**LISTED ENTRIES**

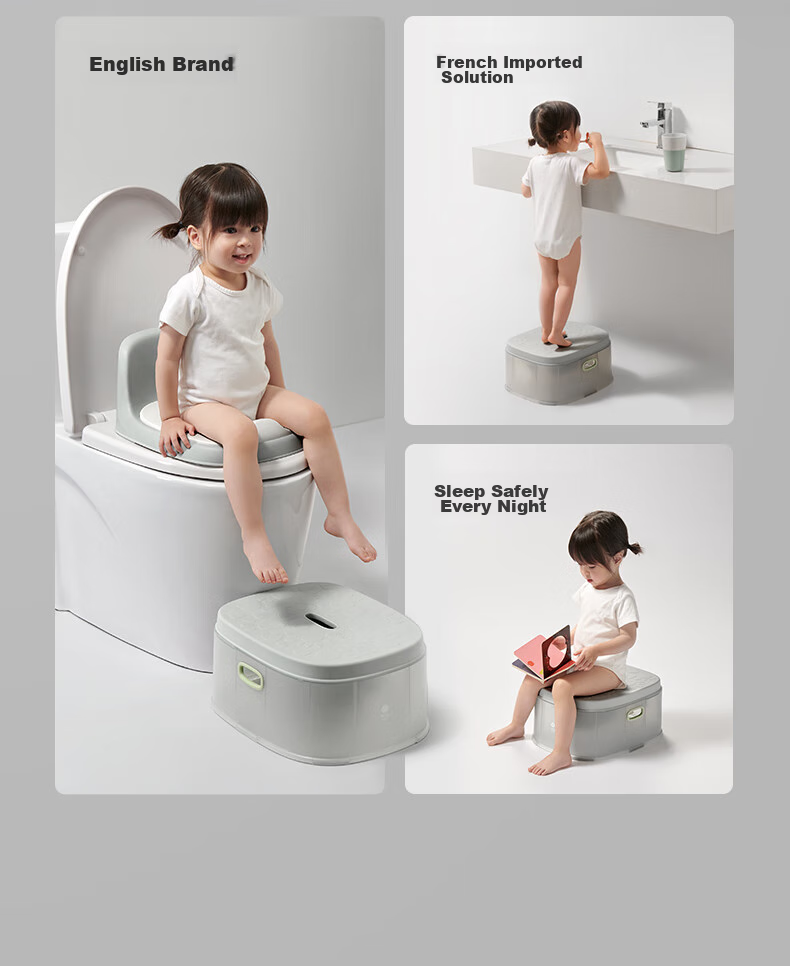 Babycare Children's Toilet, Baby Toilet Seat, Small Toilet, Little Dinosaur Design, Multifunctional Toilet Seat, Wei'er Pink 12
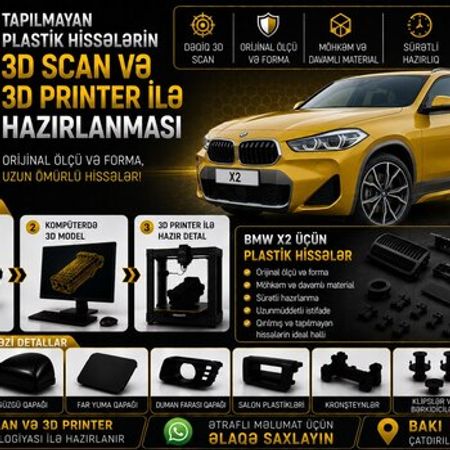 BMW X2 plastik ehtiyat hissələri – Ehtiyat hissələri – ucuztap.az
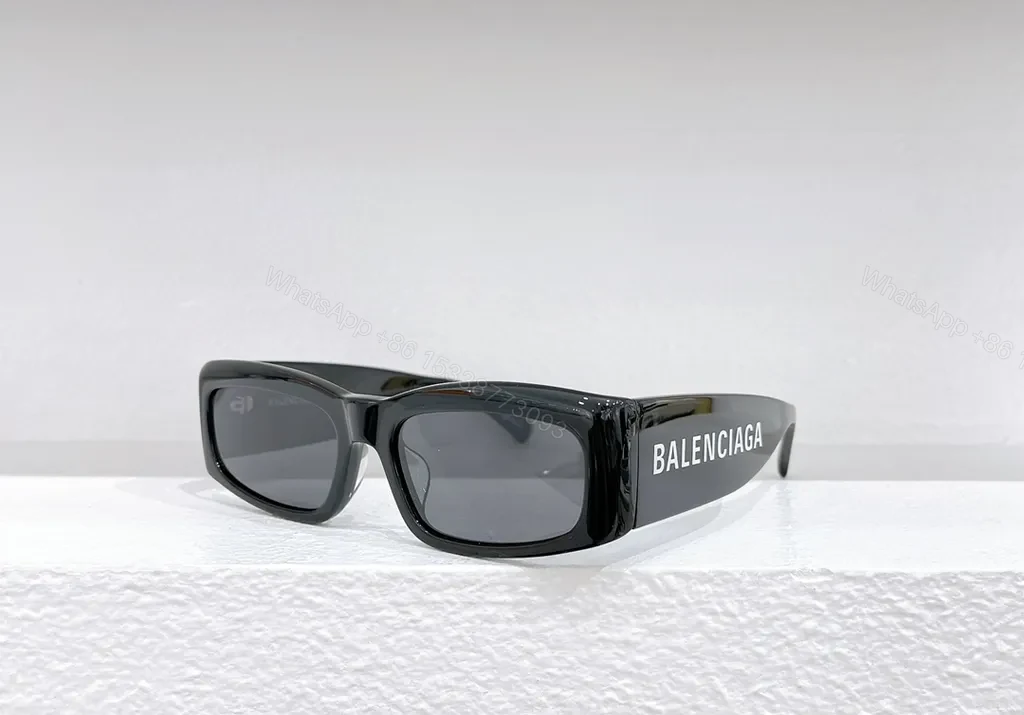 View 2 of Bold Red Frame Sunglasses â€” Balenciaga-Inspired, Unisex Luxe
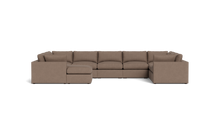 Load image into Gallery viewer, Ciello XL - Sectional - Mocha - Regular Arms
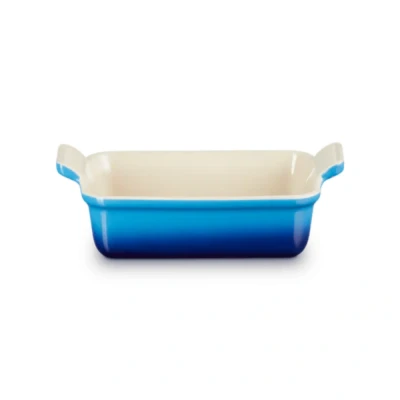 Afbeelding van Le Creuset Ovenschaal Rechthoekig Azure 19x14cm 1,1l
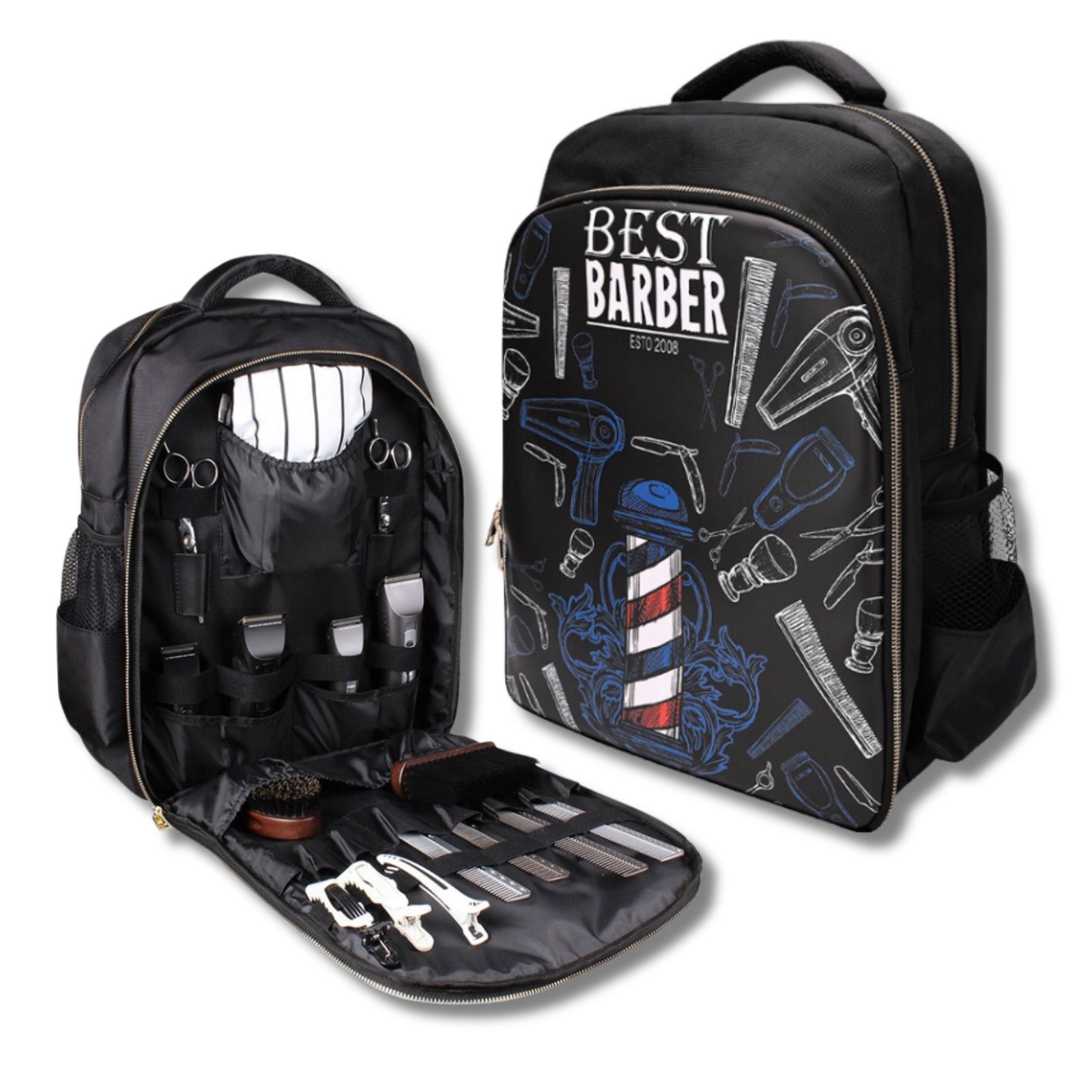 barber travel backpack Suavecito  Professional Bag helping you organize your various hair tools in a neat and orderly fashion Barber Bag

**WORK INSTRUCTIONS**
The answer must be the lines above, word for word, from the first one through the line with "Load image into", pictures excluded.

**RESULT FOR THIS TASK**
 Babycare Children's Toilet, Baby Toilet Seat, Small Toilet, Little Dinosaur Design, Multifunctional Toilet Seat, Wei'er Pink 12
 BMW X2 plastik ehtiyat hissələri – Ehtiyat hissələri – ucuztap.az
 View 2 of Bold Red Frame Sunglasses â€” Balenciaga-Inspired, Unisex Luxe
 Load image into Gallery viewer, Ciello XL - Sectional - Mocha - Regular Arms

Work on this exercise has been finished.